Beyond books and buildings: Always-on libraries
You'll find more questions than answers, but plenty of food for thought, in this First Monday article on Libraries in a world of permanent connectivity by Lorcan Dempsey, vice president for research and chief strategist of OCLC, the Online Computer Library Center.
(First Monday is an online peer-reviewed journal about the Internet and related topics. It requires no library-database subscription to view its full-text and heavily linked essays. Check out other articles in the latest issue.)
Dempsey puts together an extensive review of devices, software and services that have changed our use of communication and information over time and space, complete with an array of Web links to services from Twitter to Boopsie.
"As mobile communications diffuse networking into more of what we do, it reconfigures our relationship with time, space and other people, just as earlier networks did. Affordable air transport shortened the distance between home and college; now they are a phone call or text apart. Selective social networks live alongside face–to–face interaction in new ways. For example, individual students may participate in multiple communicating groups: short–term as in a particular class on a particular day, or longer term as with family or old school friends."
So where does "the library" fit in this new comm/info world?

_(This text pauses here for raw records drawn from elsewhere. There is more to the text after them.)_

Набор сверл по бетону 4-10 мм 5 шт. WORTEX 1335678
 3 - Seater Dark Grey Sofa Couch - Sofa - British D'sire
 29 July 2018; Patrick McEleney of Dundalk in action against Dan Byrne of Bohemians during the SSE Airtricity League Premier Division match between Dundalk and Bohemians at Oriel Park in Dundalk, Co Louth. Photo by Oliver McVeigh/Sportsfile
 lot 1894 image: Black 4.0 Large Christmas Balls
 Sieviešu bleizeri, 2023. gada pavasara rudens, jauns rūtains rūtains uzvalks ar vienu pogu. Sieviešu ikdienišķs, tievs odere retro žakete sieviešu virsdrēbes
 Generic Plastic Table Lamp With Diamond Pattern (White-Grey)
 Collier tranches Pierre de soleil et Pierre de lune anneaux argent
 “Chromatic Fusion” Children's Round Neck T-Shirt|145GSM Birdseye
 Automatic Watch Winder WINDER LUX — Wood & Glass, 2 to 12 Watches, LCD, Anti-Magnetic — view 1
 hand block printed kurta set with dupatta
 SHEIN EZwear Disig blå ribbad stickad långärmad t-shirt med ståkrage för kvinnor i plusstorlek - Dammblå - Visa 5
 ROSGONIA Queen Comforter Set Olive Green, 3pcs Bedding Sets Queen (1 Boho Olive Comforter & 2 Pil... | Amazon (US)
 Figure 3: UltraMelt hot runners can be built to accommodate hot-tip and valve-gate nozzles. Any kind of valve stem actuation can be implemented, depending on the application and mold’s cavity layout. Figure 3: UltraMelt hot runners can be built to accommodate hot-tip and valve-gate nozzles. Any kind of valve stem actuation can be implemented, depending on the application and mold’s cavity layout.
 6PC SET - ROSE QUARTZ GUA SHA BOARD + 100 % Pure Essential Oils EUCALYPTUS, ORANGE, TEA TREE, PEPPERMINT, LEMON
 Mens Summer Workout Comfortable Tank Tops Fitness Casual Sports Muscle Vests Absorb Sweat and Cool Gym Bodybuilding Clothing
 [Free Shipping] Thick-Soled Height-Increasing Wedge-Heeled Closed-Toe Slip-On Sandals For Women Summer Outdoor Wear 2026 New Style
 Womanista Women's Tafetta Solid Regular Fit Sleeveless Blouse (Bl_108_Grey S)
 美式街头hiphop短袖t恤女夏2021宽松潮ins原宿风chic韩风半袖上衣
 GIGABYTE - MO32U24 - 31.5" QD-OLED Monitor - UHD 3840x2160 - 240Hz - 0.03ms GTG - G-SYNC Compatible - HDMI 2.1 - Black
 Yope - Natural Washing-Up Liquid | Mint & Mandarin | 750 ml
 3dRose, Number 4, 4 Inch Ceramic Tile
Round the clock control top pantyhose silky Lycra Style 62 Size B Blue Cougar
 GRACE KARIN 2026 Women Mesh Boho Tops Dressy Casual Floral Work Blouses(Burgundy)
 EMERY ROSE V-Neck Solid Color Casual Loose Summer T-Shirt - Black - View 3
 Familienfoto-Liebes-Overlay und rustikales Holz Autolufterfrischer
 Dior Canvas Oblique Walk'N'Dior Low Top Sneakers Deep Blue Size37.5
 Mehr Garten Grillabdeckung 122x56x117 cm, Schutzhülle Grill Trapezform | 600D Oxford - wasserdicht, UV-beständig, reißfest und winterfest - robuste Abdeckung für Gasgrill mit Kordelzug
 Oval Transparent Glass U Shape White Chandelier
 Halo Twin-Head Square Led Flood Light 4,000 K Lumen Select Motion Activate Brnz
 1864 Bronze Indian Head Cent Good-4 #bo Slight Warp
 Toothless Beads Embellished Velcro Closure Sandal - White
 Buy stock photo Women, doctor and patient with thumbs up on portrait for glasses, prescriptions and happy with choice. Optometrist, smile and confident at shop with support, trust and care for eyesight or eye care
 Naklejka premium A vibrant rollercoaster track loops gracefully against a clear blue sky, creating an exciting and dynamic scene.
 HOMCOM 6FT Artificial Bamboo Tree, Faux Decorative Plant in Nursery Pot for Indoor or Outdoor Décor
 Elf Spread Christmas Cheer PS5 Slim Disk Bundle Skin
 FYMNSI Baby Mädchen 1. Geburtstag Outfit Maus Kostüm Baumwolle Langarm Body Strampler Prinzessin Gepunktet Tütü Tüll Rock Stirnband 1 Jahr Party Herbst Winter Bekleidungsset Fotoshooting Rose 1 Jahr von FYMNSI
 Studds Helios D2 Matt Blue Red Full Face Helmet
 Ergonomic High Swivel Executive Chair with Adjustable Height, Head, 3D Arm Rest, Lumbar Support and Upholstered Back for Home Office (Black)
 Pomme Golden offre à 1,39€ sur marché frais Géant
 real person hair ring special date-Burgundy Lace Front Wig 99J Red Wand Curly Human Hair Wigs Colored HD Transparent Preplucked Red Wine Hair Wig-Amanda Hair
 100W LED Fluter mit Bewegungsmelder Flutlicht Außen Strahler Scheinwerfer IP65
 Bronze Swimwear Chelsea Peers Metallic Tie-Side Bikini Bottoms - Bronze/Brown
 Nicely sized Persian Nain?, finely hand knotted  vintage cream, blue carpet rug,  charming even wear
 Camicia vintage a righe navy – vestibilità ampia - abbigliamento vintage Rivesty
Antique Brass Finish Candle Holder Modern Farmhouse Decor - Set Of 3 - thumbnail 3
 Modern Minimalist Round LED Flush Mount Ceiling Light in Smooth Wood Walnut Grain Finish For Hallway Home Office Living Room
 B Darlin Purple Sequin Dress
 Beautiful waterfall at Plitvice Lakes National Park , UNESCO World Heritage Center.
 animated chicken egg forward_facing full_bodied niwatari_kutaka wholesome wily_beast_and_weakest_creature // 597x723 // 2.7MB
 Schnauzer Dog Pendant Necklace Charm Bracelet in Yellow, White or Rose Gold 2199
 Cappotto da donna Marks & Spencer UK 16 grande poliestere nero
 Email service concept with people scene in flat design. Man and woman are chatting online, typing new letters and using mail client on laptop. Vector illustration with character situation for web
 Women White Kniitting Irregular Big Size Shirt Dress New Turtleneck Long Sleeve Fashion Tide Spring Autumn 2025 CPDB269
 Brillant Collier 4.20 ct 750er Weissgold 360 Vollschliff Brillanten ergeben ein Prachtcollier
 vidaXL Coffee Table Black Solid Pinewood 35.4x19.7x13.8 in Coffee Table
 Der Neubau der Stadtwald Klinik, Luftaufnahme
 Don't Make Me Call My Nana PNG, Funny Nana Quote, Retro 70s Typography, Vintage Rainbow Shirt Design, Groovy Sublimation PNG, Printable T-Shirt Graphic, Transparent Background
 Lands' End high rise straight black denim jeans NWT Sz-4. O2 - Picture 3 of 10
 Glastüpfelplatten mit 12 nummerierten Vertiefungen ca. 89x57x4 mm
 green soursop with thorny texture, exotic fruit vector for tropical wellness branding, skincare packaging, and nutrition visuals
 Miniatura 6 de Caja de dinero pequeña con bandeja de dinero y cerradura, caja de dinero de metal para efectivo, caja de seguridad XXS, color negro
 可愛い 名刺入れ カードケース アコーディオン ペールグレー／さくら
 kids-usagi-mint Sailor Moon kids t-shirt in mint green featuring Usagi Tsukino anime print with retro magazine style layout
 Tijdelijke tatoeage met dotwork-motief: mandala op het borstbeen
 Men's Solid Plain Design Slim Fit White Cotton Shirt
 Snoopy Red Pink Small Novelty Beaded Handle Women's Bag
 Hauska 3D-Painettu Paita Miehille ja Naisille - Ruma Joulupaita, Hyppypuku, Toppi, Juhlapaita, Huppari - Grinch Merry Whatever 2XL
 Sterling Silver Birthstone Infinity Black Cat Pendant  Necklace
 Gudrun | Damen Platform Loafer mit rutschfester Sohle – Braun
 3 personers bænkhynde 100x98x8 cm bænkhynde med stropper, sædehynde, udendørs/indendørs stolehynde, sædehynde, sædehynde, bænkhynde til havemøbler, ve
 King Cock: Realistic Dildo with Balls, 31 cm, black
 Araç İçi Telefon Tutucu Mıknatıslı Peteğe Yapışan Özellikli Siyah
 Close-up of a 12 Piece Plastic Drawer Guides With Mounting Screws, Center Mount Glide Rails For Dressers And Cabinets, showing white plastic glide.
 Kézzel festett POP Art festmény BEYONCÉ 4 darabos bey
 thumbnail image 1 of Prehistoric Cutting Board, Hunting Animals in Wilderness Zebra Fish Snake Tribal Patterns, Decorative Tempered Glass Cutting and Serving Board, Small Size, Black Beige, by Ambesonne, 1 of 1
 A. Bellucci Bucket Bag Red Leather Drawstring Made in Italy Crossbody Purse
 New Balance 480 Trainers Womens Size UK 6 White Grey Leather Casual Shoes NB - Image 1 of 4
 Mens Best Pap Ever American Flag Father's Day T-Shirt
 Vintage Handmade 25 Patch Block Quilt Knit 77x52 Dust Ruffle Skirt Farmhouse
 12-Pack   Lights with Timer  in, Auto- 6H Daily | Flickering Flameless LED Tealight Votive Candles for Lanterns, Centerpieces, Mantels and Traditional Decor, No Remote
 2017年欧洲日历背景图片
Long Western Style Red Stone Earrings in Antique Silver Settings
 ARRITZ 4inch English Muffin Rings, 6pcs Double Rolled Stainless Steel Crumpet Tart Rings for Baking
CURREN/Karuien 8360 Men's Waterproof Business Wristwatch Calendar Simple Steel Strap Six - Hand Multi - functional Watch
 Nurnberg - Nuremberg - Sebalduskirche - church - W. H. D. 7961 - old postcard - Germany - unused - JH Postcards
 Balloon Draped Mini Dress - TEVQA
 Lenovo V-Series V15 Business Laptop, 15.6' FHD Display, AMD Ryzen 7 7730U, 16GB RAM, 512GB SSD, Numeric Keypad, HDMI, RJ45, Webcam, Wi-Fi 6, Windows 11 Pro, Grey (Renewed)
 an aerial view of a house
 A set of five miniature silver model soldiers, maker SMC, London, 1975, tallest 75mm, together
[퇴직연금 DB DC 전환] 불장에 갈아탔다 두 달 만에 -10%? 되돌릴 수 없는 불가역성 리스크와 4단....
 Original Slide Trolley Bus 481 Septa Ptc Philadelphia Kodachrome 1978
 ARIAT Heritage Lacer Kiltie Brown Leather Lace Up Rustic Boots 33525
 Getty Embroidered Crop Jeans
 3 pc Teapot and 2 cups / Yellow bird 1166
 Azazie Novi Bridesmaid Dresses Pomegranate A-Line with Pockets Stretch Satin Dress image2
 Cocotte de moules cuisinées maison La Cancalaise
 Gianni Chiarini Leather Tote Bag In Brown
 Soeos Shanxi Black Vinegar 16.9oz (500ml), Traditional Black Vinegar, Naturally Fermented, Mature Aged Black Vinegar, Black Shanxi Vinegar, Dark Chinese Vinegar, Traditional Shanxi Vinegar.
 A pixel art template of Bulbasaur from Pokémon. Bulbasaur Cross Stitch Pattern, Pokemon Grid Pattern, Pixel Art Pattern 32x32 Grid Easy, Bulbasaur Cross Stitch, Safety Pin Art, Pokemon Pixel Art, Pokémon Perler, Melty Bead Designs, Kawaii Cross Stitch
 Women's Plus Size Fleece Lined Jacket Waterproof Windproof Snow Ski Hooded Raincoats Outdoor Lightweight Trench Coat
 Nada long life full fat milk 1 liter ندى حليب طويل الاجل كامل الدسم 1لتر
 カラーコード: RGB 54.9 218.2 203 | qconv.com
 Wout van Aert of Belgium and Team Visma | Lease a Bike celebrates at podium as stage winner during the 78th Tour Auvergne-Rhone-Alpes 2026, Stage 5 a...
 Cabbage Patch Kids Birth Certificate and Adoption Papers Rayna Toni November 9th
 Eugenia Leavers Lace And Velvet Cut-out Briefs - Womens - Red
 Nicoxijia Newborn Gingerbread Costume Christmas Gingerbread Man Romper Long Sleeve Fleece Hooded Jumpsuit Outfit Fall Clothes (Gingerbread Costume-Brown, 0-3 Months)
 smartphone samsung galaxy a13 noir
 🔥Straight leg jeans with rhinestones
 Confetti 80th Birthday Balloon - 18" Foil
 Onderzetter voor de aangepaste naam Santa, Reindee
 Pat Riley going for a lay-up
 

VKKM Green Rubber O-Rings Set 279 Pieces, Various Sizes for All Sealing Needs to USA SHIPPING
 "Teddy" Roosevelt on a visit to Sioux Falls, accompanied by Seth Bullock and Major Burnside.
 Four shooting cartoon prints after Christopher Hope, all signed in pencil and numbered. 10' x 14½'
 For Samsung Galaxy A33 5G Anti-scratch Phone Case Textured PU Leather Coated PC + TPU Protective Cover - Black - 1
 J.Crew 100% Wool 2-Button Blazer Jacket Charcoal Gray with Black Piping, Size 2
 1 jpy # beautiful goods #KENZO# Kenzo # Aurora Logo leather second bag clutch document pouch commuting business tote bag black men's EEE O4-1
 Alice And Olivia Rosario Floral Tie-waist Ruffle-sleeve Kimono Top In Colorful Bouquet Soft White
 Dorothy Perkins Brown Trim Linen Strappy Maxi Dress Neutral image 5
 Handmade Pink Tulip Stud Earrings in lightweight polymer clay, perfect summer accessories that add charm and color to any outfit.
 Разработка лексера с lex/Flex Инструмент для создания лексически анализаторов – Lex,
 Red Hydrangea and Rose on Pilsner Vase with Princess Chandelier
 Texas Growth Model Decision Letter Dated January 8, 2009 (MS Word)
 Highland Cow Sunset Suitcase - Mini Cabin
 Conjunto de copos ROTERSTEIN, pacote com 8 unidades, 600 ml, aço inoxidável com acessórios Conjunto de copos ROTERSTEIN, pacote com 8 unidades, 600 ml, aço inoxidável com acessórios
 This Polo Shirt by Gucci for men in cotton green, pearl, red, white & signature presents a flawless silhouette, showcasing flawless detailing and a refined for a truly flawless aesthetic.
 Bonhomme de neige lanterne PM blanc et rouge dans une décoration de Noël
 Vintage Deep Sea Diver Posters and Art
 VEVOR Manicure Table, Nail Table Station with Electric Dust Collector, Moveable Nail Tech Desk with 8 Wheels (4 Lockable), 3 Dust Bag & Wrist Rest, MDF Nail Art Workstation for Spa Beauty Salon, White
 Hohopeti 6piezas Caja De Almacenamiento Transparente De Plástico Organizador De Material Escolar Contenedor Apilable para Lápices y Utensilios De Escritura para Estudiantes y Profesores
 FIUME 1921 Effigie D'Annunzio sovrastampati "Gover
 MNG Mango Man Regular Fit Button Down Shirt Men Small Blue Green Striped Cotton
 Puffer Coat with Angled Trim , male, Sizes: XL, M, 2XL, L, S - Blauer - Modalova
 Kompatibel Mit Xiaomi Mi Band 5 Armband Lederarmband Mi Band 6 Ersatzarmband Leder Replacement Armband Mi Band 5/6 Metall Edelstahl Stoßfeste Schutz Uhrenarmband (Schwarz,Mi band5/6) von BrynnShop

Library services have changed dramatically in the past 10 years, at least at the university libraries I've used in that time, but Dempsey hints that the institutional image may not be keeping up with its services.
"The library needs a brand which is meaningful and engaging, which communicates its value, and which transcends the caricatural impression many have based around the building and print collections," Dempsey says.
Maybe next to the "No one knows you're a dog on the Internet" cartoon, we need one that says, "No one has to say 'shhhh' in a digital library"?